◆ DATA
..........

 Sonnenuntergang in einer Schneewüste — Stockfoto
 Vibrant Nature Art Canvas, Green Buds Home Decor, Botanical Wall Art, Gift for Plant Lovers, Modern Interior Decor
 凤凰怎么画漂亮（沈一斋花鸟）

..........

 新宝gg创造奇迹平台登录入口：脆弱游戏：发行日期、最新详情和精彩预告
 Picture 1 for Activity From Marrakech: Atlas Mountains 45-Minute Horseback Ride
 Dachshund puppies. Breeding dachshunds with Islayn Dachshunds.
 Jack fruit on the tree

..........

The response should be the listing above, limited to the lines between the one holding "新宝gg创造奇迹平台登录入口：脆弱游戏：发行日期、最新详情和精彩预告" and the one holding "Jack fruit on the tree", inclusive, reproduced exactly.

 新宝gg创造奇迹平台登录入口：脆弱游戏：发行日期、最新详情和精彩预告
 Picture 1 for Activity From Marrakech: Atlas Mountains 45-Minute Horseback Ride
 Dachshund puppies. Breeding dachshunds with Islayn Dachshunds.
 Jack fruit on the tree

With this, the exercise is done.